As soon as the war in Iraq ended, the transition to a new government began. Despite a clear goal of de-Ba’athification—akin to de-Nazification in Germany after World War II—laid out by President Bush, the State Department had other ideas. Because the Ba’athists had been in control of Iraq for thirty-five years—nearly twenty-five of which were under Saddam Hussein’s leadership—State wanted to phase out senior Ba’ath party officials from the transition government over time.

Considering some of the people at the center of U.S. efforts in Iraq, this belief should not come as a surprise.

The special envoy to Iraq, who coordinated plans for a post-Saddam Iraq until he was officially placed under the command of Paul Bremer in May 2003, was Zalmay Khalilzad—the former Unocal representative who argued for quick acceptance of the Taliban in 1996. (Although he was technically a National Security Council representative in Iraq, State strongly supported his appointment there.) Another key figure in Iraq immediately following the war was Robin Rafael, the former head of the South Asia bureau who originally sought closer ties with the Taliban, even commenting on their “wonderful senses of humor.” Rather than being banned from Foggy Bottom for their track record of extremely questionable judgment, Rafael and Khalilzad were handed two of the top positions in the selection of new leaders for a post-Saddam transition government.

Under Khalilzad’s guidance, several senior Ba’ath party officials were given plum posts in the transitional authority. The new minister of health, Dr. Ali al-Janabi, was formerly the number three official in the health ministry in Saddam’s regime.  The State Department gave him a promotion to the top spot, even though he refused to renounce the Ba’ath party.  State Department official Stephen Browning actually praised al-Janabi, telling the Associated Press that the new minister of health was a “Ba’ath party member who is not associated with criminal activities.” But others evidently disagreed: after a wave of protests from Iraqi doctors and nurses, al-Janabi resigned a mere ten days after accepting the appointment. Perhaps even more amazing, Rafael personally reinstated as president of Baghdad University Saddam Hussein’s personal physician, Dr. Muhammad al-Rawi.  Like Dr. al-Janabi, Dr. al-Rawi was still loyal to Saddam, even refusing after the war to remove a statue of the deposed despot from the school’s grounds.

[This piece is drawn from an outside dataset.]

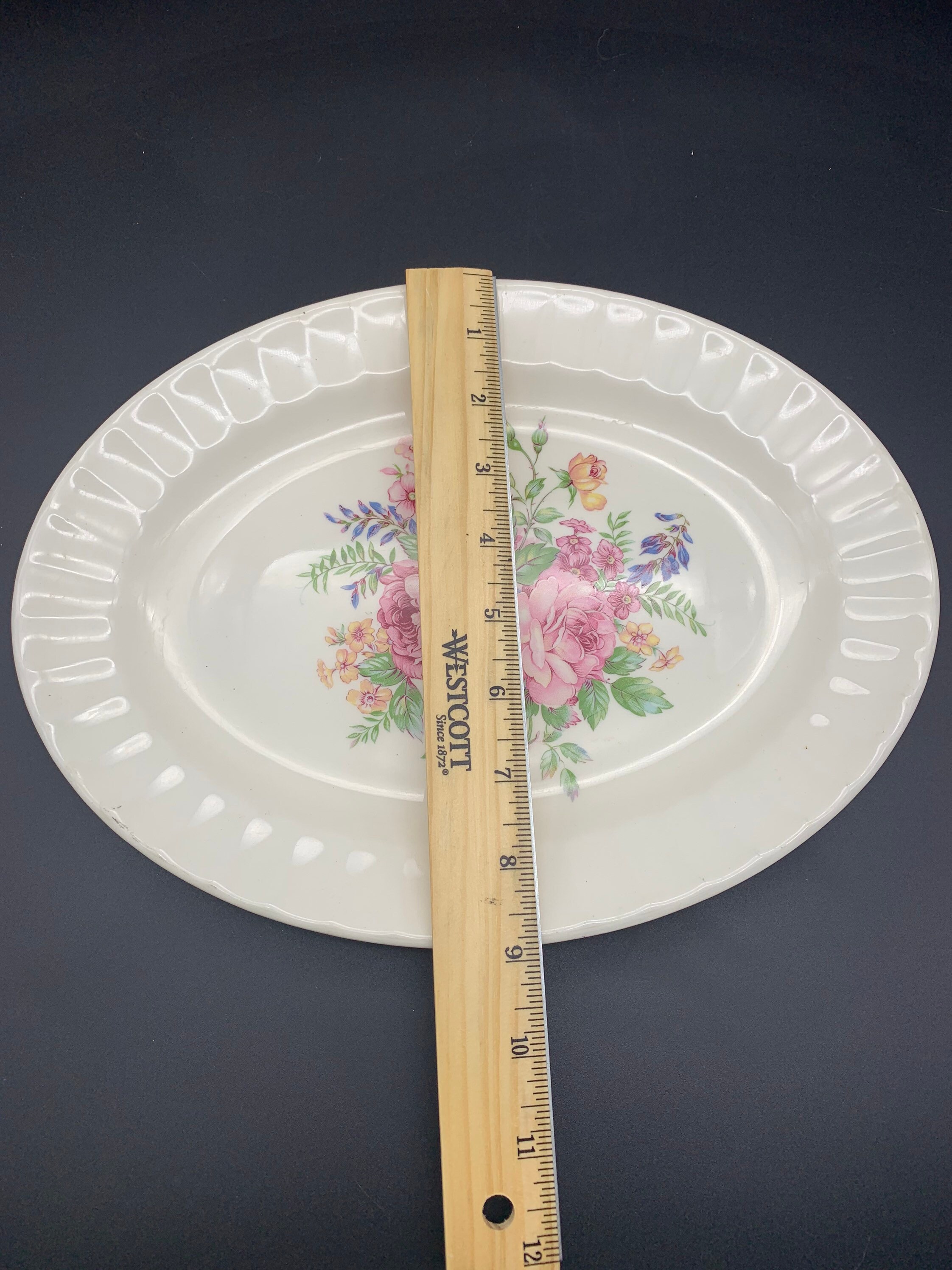 Vintage Edwin M Knowles Semi Vitreous Porcelain Platter with Etsy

The looting and rioting that followed the end of the war, which received considerable attention in the international media, was largely coordinated by Ba’athists. According to several administration officials, significant evidence showed that the Ba’athists were behind much of the criminal unrest as well as the “vandalism” that struck strategic locations, such as the electrical grid.50 When U.S. officials were attempting to repair the grid in the aftermath of the war, the “vandals” repeatedly sabotaged the transformers, something that required a detailed knowledge of the grid, which only the senior Ba’ath party officials who previously maintained and operated the grid would have.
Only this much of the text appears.